Like I said, "slim fit" or "tailored fit" doesn't necessarily mean skinny or skin tight.

Cruiser


----------



## riyadh552 (Mar 4, 2009)

midtownmainer said:


> As this thread has strayed a bit from my original intentions I just want to try and clear things up by re-interpreting what I meant by 'slim.' I was by no means searching for a pair of pants that would produce horizontal creases, or appear rumpled, clingy, sausagey (God-forbid), or the like (apologies for the misleading photos- the second is quite bad looking back on it- the first is closer to what I was looking for). Simply put, I wanted a pair that would accentuate my figure, without making myself look completely out of proportion. As previously noted, I believe this to be the pair that most accurately fits my intended description: https://www.brooksbrothers.com/IWCa...ITISH-TAN&sort_by=&sectioncolor=&sectionsize=
> 
> That being said, thanks to all for the responses and spirited discussion.

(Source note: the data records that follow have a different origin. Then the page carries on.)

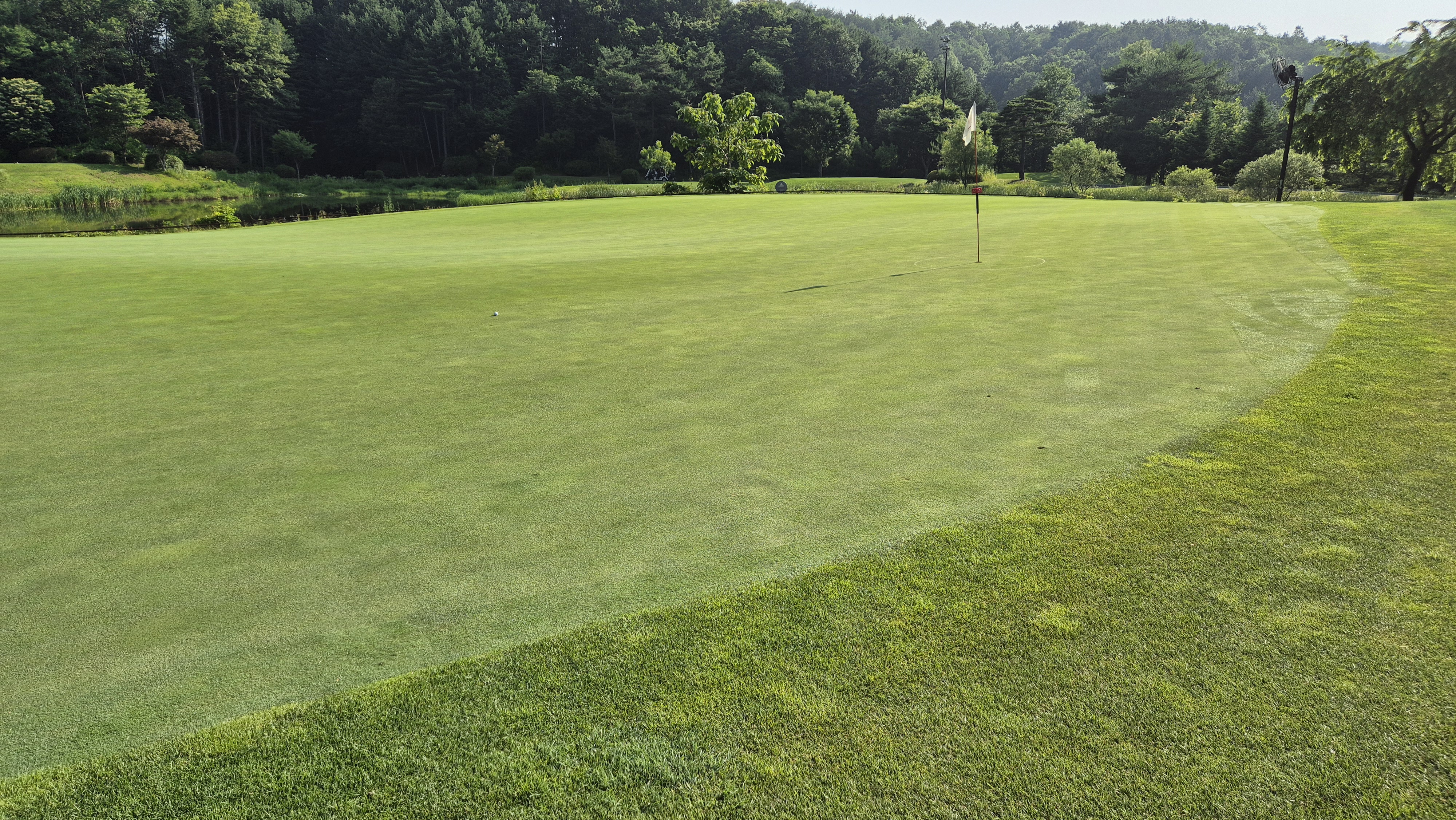 샤인데일cc 라운드 후기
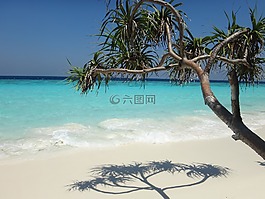 馬爾代夫,海灘,海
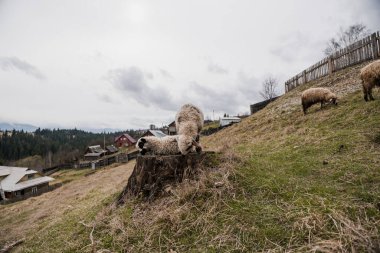 Hillside 'da Otlanan Koyunlu Serene Kırsal Arazi.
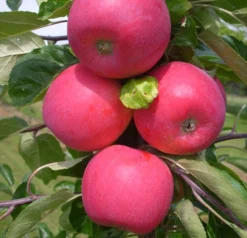 Allegro â Malus Domestica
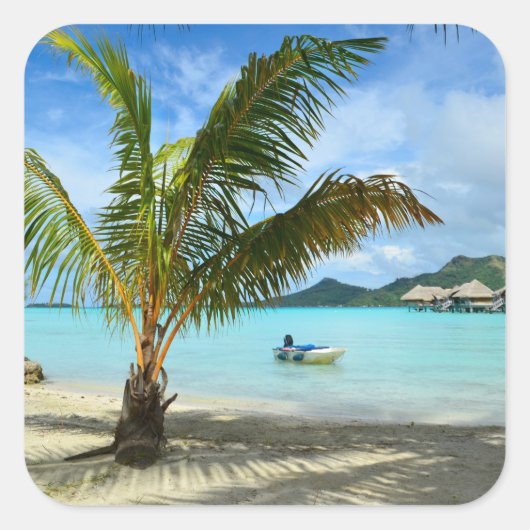 Palm-Baum und Aufkleber für das Überwasser (Vorderseite)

I have all four colors of the regent fit plain front gabardines, and they fit me very well. I, or anyone else for that matter, have yet to notice any bunching or stress lines. The BB regent pants actually fit much less closer to the body than other slim-fit brands. In fact, their Madison line appears too baggy on me, and makes me look shorter than I already am.

If you like these, you may also want to try BB's Clark fit pants (chinos). Good luck.


----------



## Bog (May 13, 2007)

Cruiser, those pants are only slim in the sense that a marketing exec decided to sell pants marked slim that would fit fairly ordinary to overweight people to make them feel good about themselves. A common practice these days.


----------



## Cruiser (Jul 21, 2006)

Bog said:


> Cruiser, those pants are only slim in the sense that a marketing exec decided to sell pants marked slim that would fit fairly ordinary to overweight people to make them feel good about themselves. A common practice these days.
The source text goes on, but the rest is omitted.